Billing itself from the beginning as “literary magazine,” Newfoundland Quarterly has always baked its language with care (and I’ve been assured they use only the finest punctuation marks). Its early volumes are marked by considerations of language and etymology, especially in Rev. Michael Francis Howley’s long-running series on Newfoundland Name-Lore, which began in the magazine’s second issue, in 1901, and was reprinted in the 1930s.
Similarly, G. Gibb’s regular column Some Well-Known Sayings, Phrases and Words, With Their Meaning and Origin explored the history of sayings such as “in my mind’s eye,” “in the same boat,” and “lick into shape.” In its sixth incarnation, Gibb also tackled the longest words in the English language:
“Llanfairpwllgwyngyllgogerychwyrndrobwllllantysiliogogogoch — the name of a village in Wales. In the postal directory the first twenty letters only, are given as a sufficient address for practical purposes, but the full name contains fifty nine letters. The meaning is “The Church of St. Mary in a hollow of white hazel, near to the rapid whirlpool and to St. Tisilio Church, near to a red cave.”

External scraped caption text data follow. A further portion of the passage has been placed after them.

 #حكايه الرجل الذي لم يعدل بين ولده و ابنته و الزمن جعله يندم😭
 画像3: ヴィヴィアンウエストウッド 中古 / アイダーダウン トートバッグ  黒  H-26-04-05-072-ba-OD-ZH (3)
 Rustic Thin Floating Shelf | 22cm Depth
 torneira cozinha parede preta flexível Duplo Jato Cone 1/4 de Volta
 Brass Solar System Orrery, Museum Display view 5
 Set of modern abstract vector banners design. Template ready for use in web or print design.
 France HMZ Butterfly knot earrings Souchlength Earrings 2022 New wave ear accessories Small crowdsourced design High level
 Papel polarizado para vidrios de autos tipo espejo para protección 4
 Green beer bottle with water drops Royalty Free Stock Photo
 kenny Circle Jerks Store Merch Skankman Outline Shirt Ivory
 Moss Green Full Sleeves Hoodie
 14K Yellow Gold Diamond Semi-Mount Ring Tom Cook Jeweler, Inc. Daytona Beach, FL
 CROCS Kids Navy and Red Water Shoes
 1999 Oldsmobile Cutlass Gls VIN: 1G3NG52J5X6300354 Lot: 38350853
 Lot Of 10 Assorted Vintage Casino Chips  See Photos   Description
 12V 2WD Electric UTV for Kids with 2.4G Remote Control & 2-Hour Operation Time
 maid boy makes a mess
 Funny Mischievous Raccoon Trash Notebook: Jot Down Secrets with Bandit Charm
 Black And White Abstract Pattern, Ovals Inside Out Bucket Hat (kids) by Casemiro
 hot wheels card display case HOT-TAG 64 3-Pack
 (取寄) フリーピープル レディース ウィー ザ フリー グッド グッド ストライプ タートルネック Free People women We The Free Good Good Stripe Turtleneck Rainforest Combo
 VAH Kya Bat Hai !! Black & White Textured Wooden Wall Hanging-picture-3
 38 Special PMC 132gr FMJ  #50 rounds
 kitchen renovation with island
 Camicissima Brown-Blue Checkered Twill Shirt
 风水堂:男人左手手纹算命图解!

There’s a wonderful Wikipedia article about the community of Llanfairpwllgwyngyll, as it’s mostly known. Although “the long form of the name was invented for promotional purposes in the 1860s,” it’s still considered the second-longest official one-word place-name in the world. New Zealand is home to the longest one-word place-name: Taumatawhakatangihangakoauauotamateaturipukakapikimaungahoronukupokaiwhenuakitanatahu, which means “The summit where Tamatea, the man with the big knees, the climber of mountains, the land-swallower who travelled about, played his nose flute to his loved one.”
If you’re willing to accept spaces, you can look to Bangkok for the longest place name in the world. And if you’re curious about the longest Wikipedia article title, it’s not a place at all, but a song.